Study material:
================================
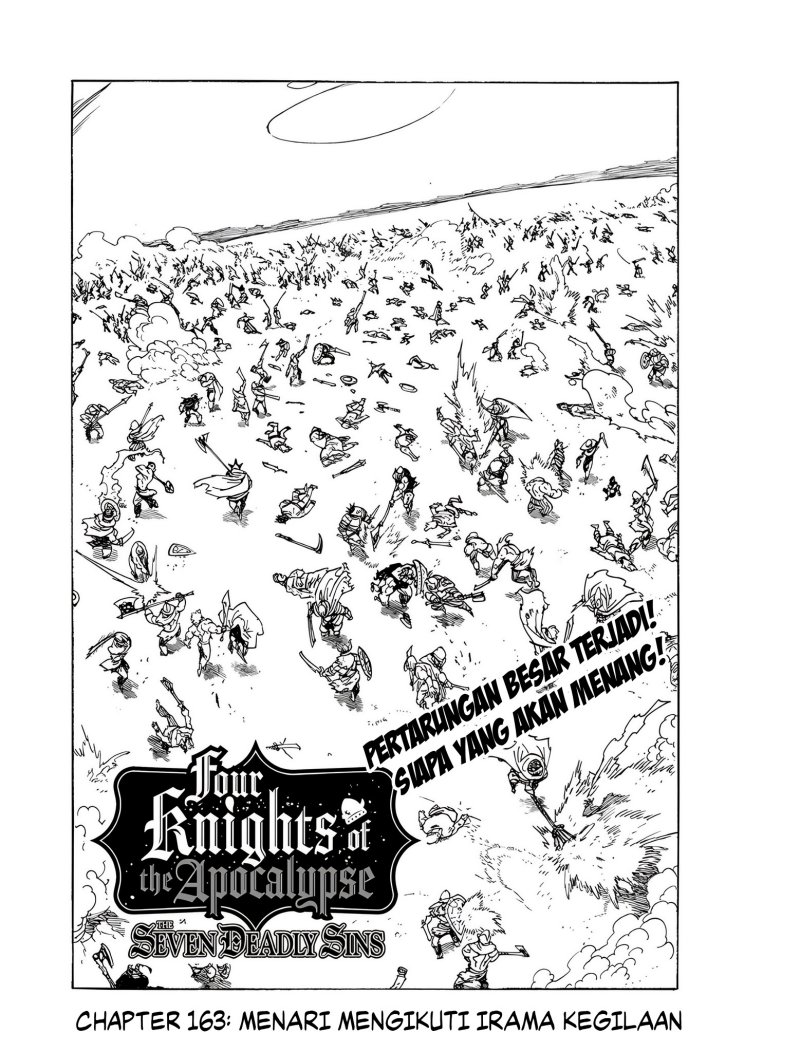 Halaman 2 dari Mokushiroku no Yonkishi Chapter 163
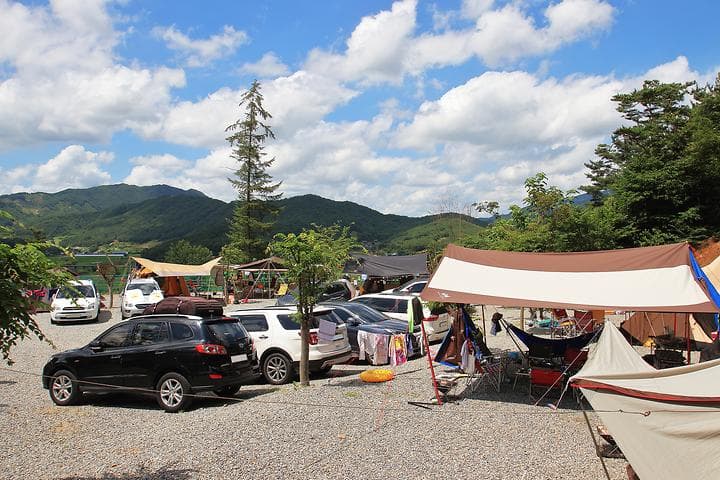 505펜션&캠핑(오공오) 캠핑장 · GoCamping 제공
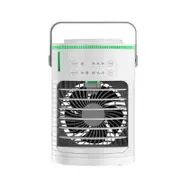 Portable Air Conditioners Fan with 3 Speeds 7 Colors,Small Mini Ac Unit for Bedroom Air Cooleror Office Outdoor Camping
================================
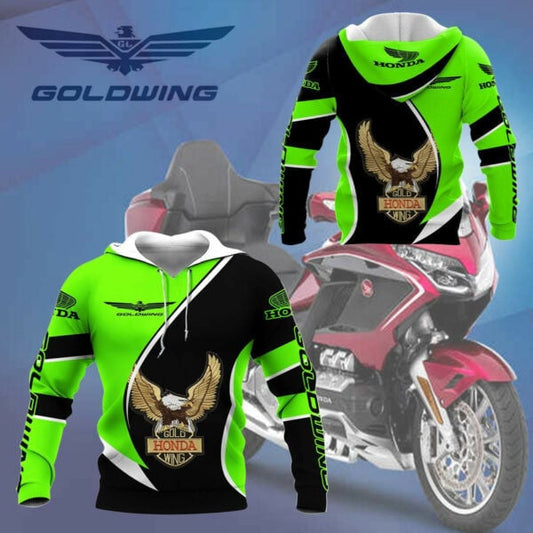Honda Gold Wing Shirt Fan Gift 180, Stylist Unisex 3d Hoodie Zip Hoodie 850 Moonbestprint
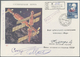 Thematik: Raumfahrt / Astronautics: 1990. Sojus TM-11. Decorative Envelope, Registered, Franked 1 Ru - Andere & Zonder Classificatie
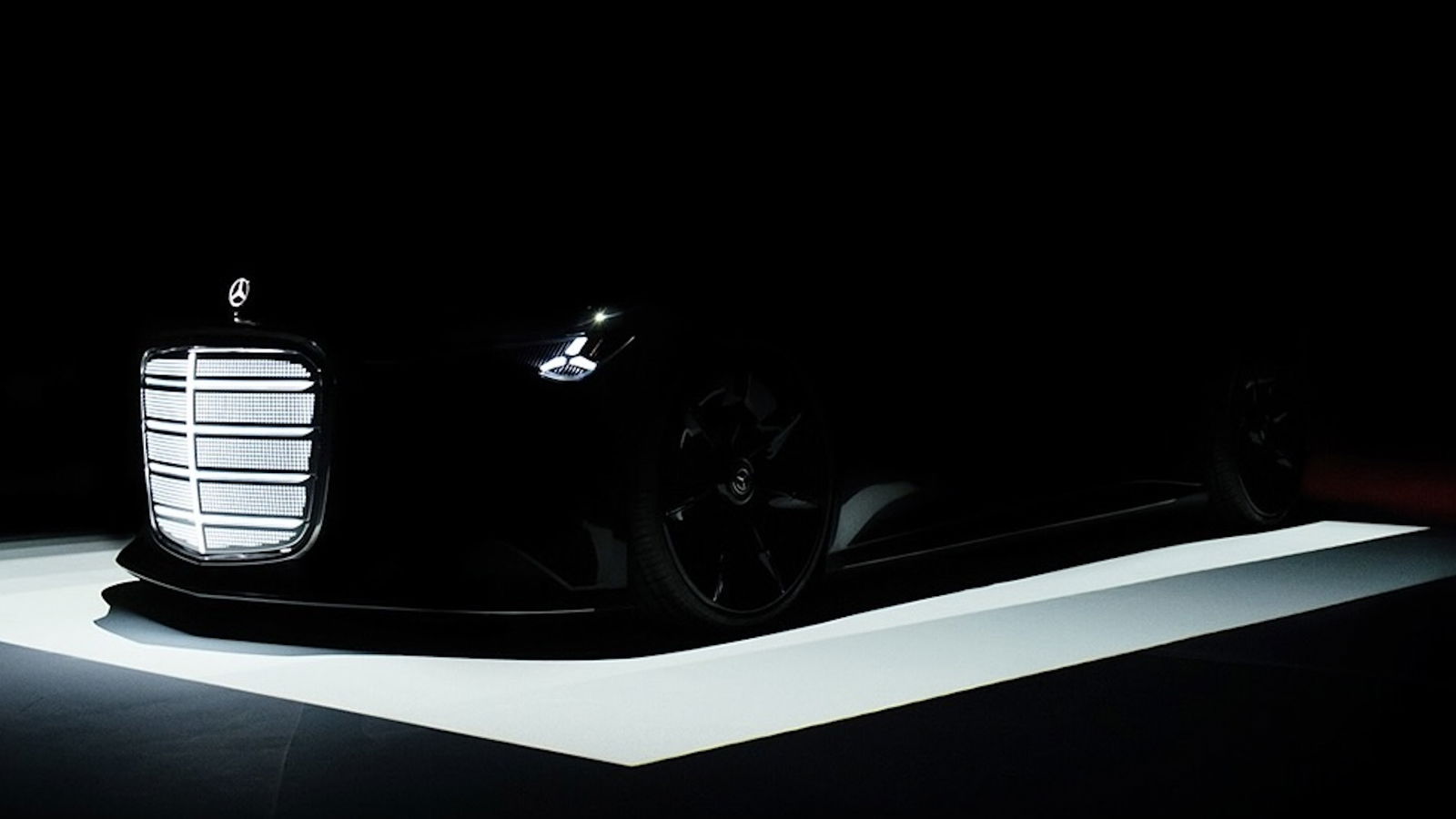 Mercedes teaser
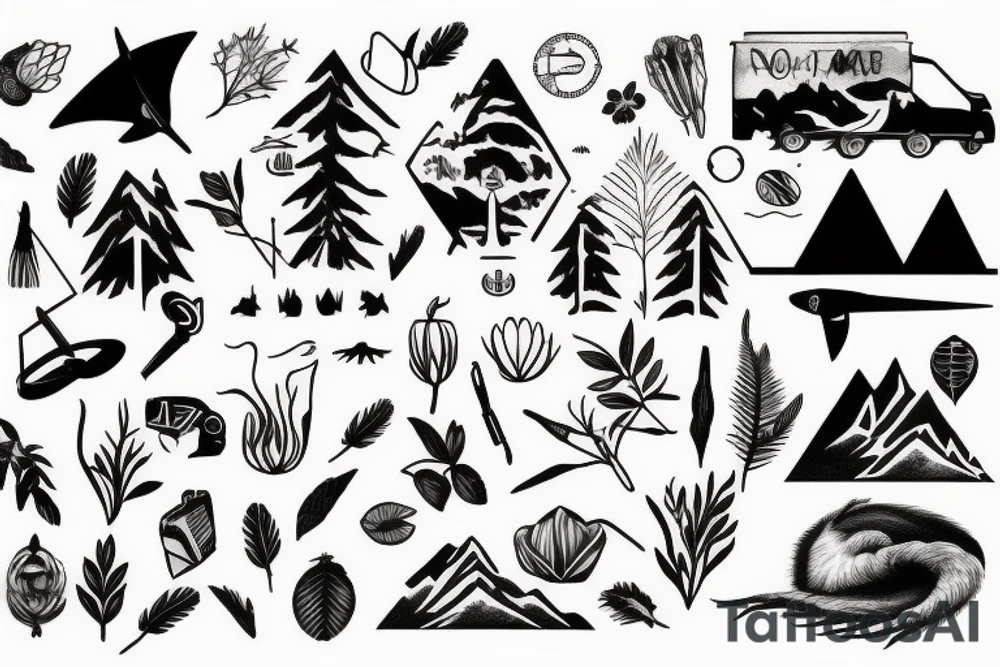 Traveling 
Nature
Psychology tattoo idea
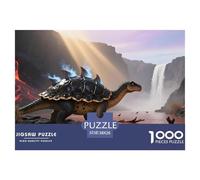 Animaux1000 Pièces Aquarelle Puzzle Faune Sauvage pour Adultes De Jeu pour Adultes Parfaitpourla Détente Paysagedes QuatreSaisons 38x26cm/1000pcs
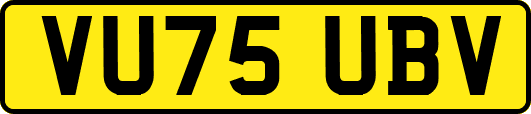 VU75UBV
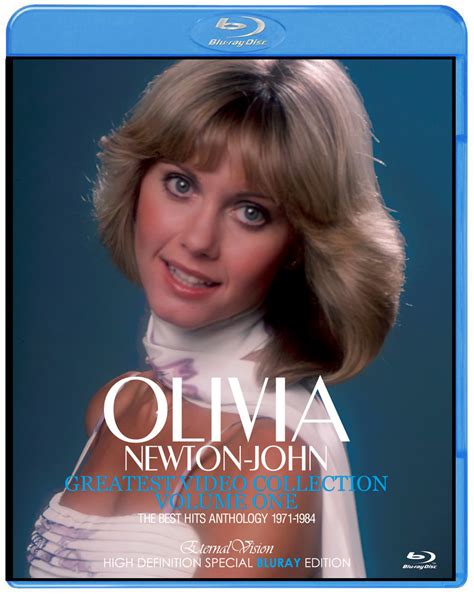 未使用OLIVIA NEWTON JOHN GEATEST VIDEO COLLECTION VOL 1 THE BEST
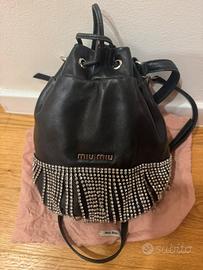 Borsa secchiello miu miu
================================
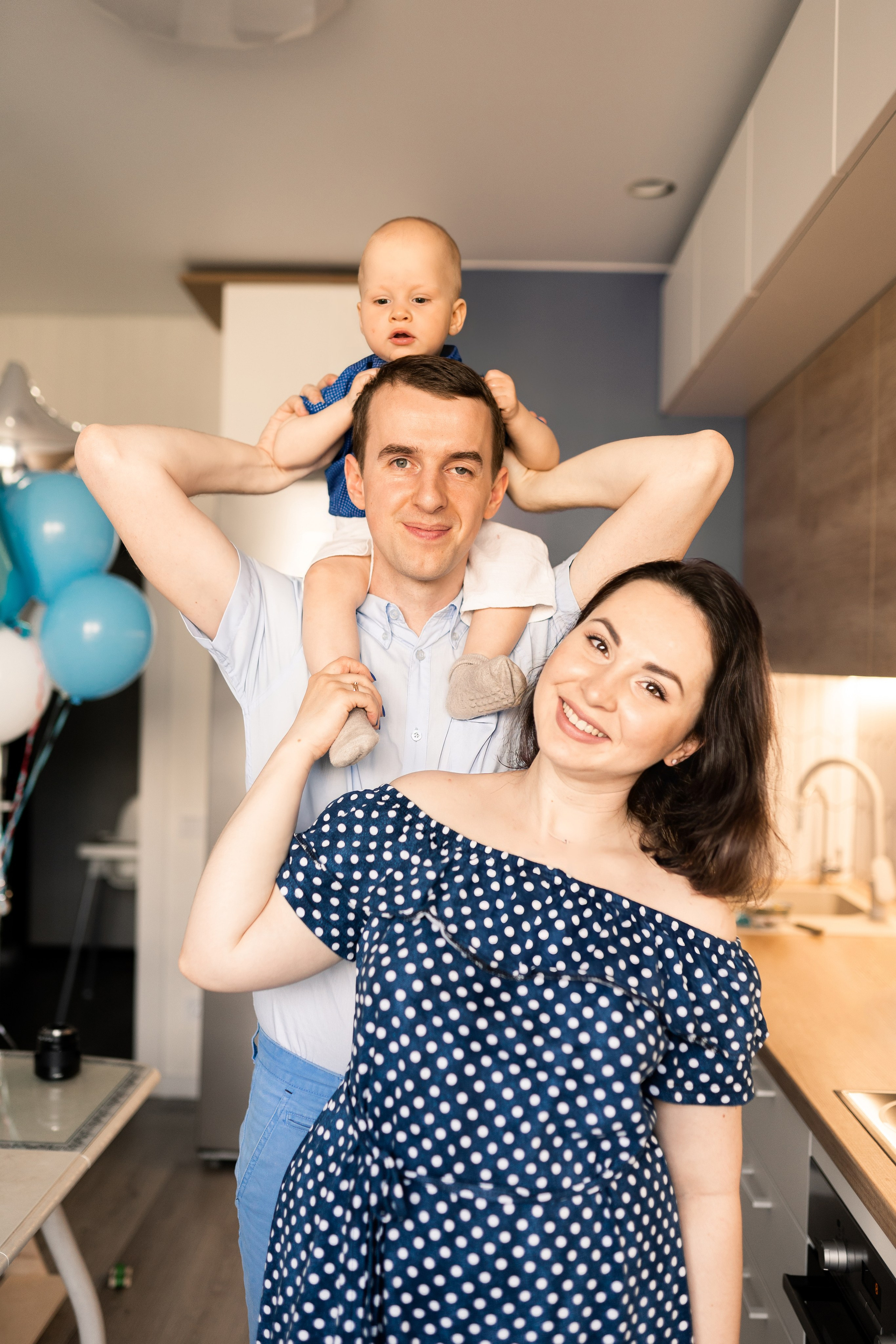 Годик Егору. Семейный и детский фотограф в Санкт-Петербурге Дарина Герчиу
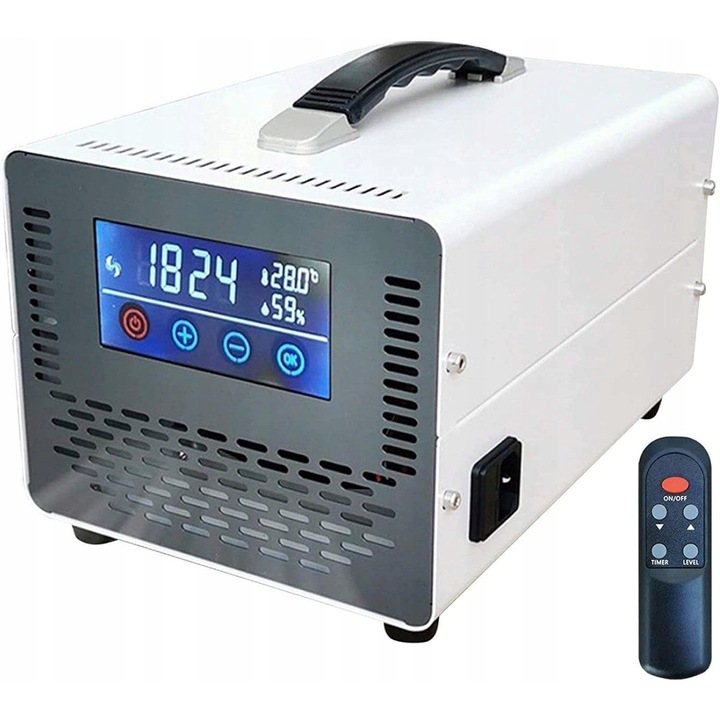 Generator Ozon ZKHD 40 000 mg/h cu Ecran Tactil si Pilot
================================
Directions:
Out of the records above, please copy exactly the lines from the line with "Honda Gold Wing" up to and including the line with "Borsa secchiello miu miu", minus the pictures.

Written response:
Honda Gold Wing Shirt Fan Gift 180, Stylist Unisex 3d Hoodie Zip Hoodie 850 Moonbestprint
 Thematik: Raumfahrt / Astronautics: 1990. Sojus TM-11. Decorative Envelope, Registered, Franked 1 Ru - Andere & Zonder Classificatie
 Mercedes teaser
 Traveling 
Nature
Psychology tattoo idea
 Animaux1000 Pièces Aquarelle Puzzle Faune Sauvage pour Adultes De Jeu pour Adultes Parfaitpourla Détente Paysagedes QuatreSaisons 38x26cm/1000pcs
 VU75UBV
 未使用OLIVIA NEWTON JOHN GEATEST VIDEO COLLECTION VOL 1 THE BEST
 Borsa secchiello miu miu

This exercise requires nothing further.